Рано утром, как только косцов разбудил рассвет, они увидели, что Лазо среди них нету.

1903

Перевод И. Воробьевой и Н. Толстого.

ЛЕТНИЙ ДЕНЬ

Горно Ровиниште — маленькая убогая деревенька, с приземистыми, покосившимися домишками, неприглядными на вид, небелеными, беспорядочно разбросанными среди неогороженных, заваленных мусором дворов, где с утра до вечера возятся озорные чумазые ребятишки. Широкое каменистое русло безымянной мелководной речки, наполняющееся лишь после ливней, тянется через всю деревню, придавая ей еще более убогий и печальный вид. Летом, когда речка совсем пересохнет и усеянное валунами русло накалится и побелеет, эта голая, почти вовсе лишенная растительности деревенька выглядит особенно уныло. И старая церковь с позеленелой черепицей, и низкая колокольня с продавленной крышей, и покривившийся деревянный крест над нею, и полузасохший тополь рядом, и желтые лица зобатых женщин, и песчаные ухабы на улицах — все навевает тоску и гонит вон из села.
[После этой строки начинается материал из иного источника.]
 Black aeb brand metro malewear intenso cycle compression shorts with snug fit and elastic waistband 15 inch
Нынешним летом я проезжал через эту деревню, может быть, двадцатый раз в жизни, и она показалась мне еще безобразнее, чем всегда. Была страда. Нигде ни души. Пустые запертые дома печально и глухо молчали. Несколько полуголых грязных ребят лениво барахтались на улице в горячем песке. Слепая старуха сидела неподвижно в тени на завалинке, поминутно покрикивая на них, — и это было похоже на лай собаки, когда ее ударят. Перед одним из домов неподвижно лежал больной. За оставленной мельницей мелькнула и скрылась длинная фигура полевого сторожа с ружьем через плечо. Словом — глушь. Глушь и тоска.

День был тяжкий, душный. Солнце, упрямо остановившись посреди синего небосвода, жарило в отвес. Все изнывало от зноя. Затерянные тут и там среди огородов одинокие вязы и фруктовые деревья стояли безмолвно, опустив листья, словно в ожидании, что палящие солнечные лучи вот-вот расплавят их.
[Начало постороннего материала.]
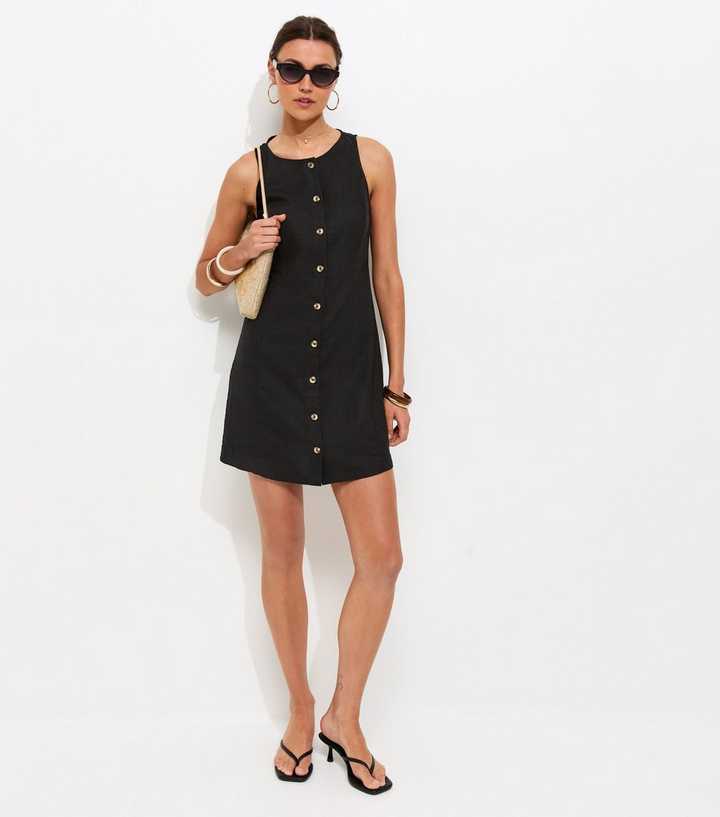 Black Linen Blend Button Through Mini Dress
Я поспешно вышел из душной деревни и направился к ближайшему постоялому двору на шоссе. Над широкой равниной, окаймленной венцом далеких синих гор, дрожало адское марево. Томительное, гнетущее безмолвие царило в раскаленном воздухе. На полях, среди высоких хлебов, белели группы жнецов и жниц. Ни перепелиного свиста, ни песни жаворонка. Где-то далеко-далеко дружные девичьи голоса медленно затянули жатвенную песню. Трепетный напев тихими волнами колыхался над полем, и трогательный и печальный, печальный до слез:

Солнце жжет, палит колосья, Ветер жито осыпает, Очи черные льют слезы. Смилуйся, господь, над нами!

Я вошел на постоялый двор. И здесь то же запустенье, та же тоска. Корчмой служит низкое и длинное, как амбар, здание с чем-то вроде палисадника перед ним, и хоть стоит оно у самой дороги, неприветливый его вид не привлекает путников, так что постоянные посетители корчмы одни только жители Горно Ровиниште.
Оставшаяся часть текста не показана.